Data excerpts section start

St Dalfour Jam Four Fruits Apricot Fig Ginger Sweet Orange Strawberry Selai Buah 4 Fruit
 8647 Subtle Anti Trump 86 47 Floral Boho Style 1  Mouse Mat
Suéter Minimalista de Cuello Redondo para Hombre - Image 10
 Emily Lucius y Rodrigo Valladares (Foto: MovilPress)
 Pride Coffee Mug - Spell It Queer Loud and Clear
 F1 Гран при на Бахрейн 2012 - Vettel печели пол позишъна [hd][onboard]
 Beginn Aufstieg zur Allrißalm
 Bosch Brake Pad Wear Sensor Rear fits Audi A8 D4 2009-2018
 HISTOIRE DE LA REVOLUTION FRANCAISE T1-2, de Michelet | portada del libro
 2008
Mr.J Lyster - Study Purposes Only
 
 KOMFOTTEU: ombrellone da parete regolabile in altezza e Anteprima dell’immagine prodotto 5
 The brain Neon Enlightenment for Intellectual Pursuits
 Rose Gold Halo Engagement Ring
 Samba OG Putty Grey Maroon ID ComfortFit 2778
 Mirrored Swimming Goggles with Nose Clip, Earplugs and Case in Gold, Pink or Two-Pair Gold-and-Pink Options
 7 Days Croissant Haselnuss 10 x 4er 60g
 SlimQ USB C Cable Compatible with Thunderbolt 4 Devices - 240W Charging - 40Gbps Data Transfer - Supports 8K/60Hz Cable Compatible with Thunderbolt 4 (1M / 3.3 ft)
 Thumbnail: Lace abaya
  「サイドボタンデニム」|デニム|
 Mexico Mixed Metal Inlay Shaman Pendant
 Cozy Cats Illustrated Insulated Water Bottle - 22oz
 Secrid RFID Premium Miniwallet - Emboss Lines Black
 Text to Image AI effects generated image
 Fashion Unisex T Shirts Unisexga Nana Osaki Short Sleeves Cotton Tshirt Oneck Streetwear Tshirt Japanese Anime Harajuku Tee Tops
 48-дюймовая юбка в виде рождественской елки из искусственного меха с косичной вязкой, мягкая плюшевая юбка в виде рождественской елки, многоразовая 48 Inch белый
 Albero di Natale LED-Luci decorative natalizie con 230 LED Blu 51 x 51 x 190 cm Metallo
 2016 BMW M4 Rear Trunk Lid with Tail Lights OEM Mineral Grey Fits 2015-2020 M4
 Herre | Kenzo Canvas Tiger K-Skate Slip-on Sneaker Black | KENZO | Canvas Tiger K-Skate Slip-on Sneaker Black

Data excerpts section end

## [Task requirements]
Exact retyping is required: the line with "48-дюймовая юбка в" through the end of the data, both ends included, and no other line.

## [Exercise output]
 48-дюймовая юбка в виде рождественской елки из искусственного меха с косичной вязкой, мягкая плюшевая юбка в виде рождественской елки, многоразовая 48 Inch белый
 Albero di Natale LED-Luci decorative natalizie con 230 LED Blu 51 x 51 x 190 cm Metallo
 2016 BMW M4 Rear Trunk Lid with Tail Lights OEM Mineral Grey Fits 2015-2020 M4
 Herre | Kenzo Canvas Tiger K-Skate Slip-on Sneaker Black | KENZO | Canvas Tiger K-Skate Slip-on Sneaker Black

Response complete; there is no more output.